Actually, I've used it as it's own barrier, and foam (Great Stuff) in and around all the edges and seams. Can't say whether that was right or wrong, but it worked for me. 

Nice job on the framing, looks rock solid from where I'm sitting.


----------



## Quattro (Jan 9, 2008)

I have all the seams sealed with silicone caulk, and then taped with packing tape.

Owens Corning's website says this material has a water vapor perm (max) rating of 1.10. But, that's for 1" material. For some reason, they don't give ratings for the thicker material. I have 2" on the ceiling here, and 1.5" on the walls (not in the above pictures). 

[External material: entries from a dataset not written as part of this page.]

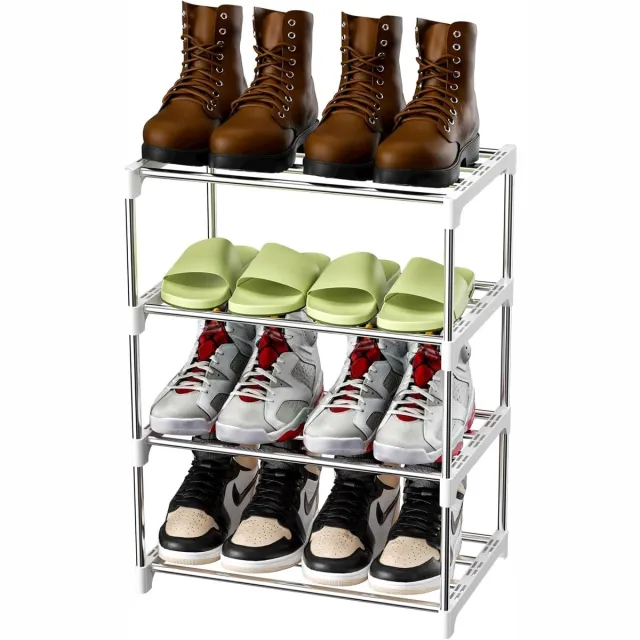 Famanu Schoenenrek, van metaal, met 4 niveaus, licht, stapelbaar, voor 8 paar schoenen, zilver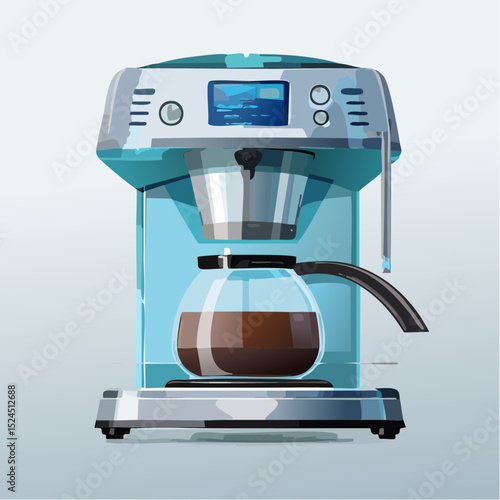 A high-tech coffee machine with a glowing hover base and sleek transparent brew chamber in minimal vector form.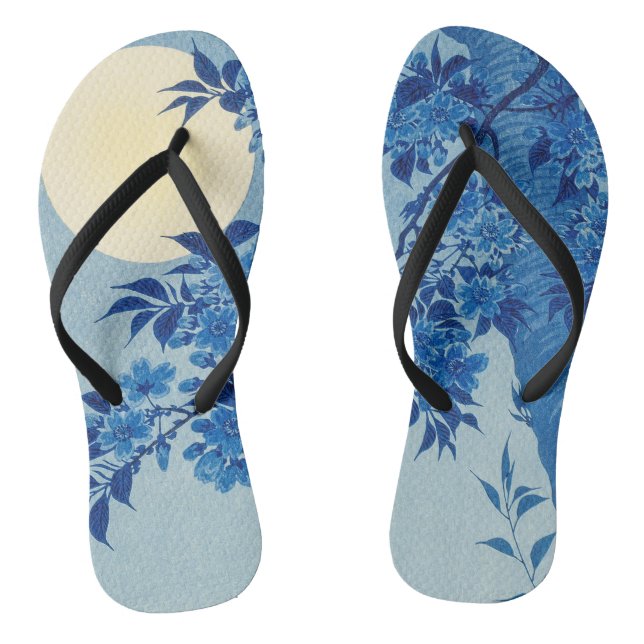 Blue Moonlit Tree: Japanese Cherry Blossom Night Flip Flops (Footbed)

So, am I right to assume that the thicker stuff has a lower perm rating? I read that 1.0 or lower is acceptable for residential. I just don't want to have to take drywall down if somehow adding a plastic barrier is going to trap moisture coming through the drywall.

Ugh!


----------



## ToolGuy (Jan 9, 2008)

I couldn't answer all the technical stuff. But I will say that the packaging tape will dry out over the years and fall off. 

I guess you have to ask yourself how much extra work is it to add vapor barrier. The cost is certainly minimal.


----------



## inspectorD (Jan 10, 2008)

The technical stuff we could give you will not help anyway. The issue with this is going to be a wait and see. We do not know how much vapor is moving through the area above. You could seal the concrete above and limit the vapor flow also. This area probably does not have to be taped and finished right away anyway. Install what you have temporarilly with no finishing touchs and see what you end up with in the summertime humid months.
Just a suggestion.


----------



## Quattro (Jan 10, 2008)

That's kind of the plan, I guess (the "wait and see" method). The concrete step outside does need to be refinished and sealed (some exposed aggregate and the seam that needs patching).

However, how will I know if it's working? Wouldn't I have to pull everything off and check the condition of the concrete? That would be a hassle, but not as bad as having to pull drywall down I guess. 

Also ToolGuy, the plastic isn't about the expense or time, it's about whether adding that vapor barrier would trap moisture between itself and the foam. I'm basing this assumption on other things I've read about having 2 vapor barriers on the interior side...

Anyway, thanks for the continued help and ideas. I'm going to spend the rest of the winter getting the rest of the basement insulated in a similar way. Luckily, this is the only place where water was an issue...the rest of the basement is very dry.


----------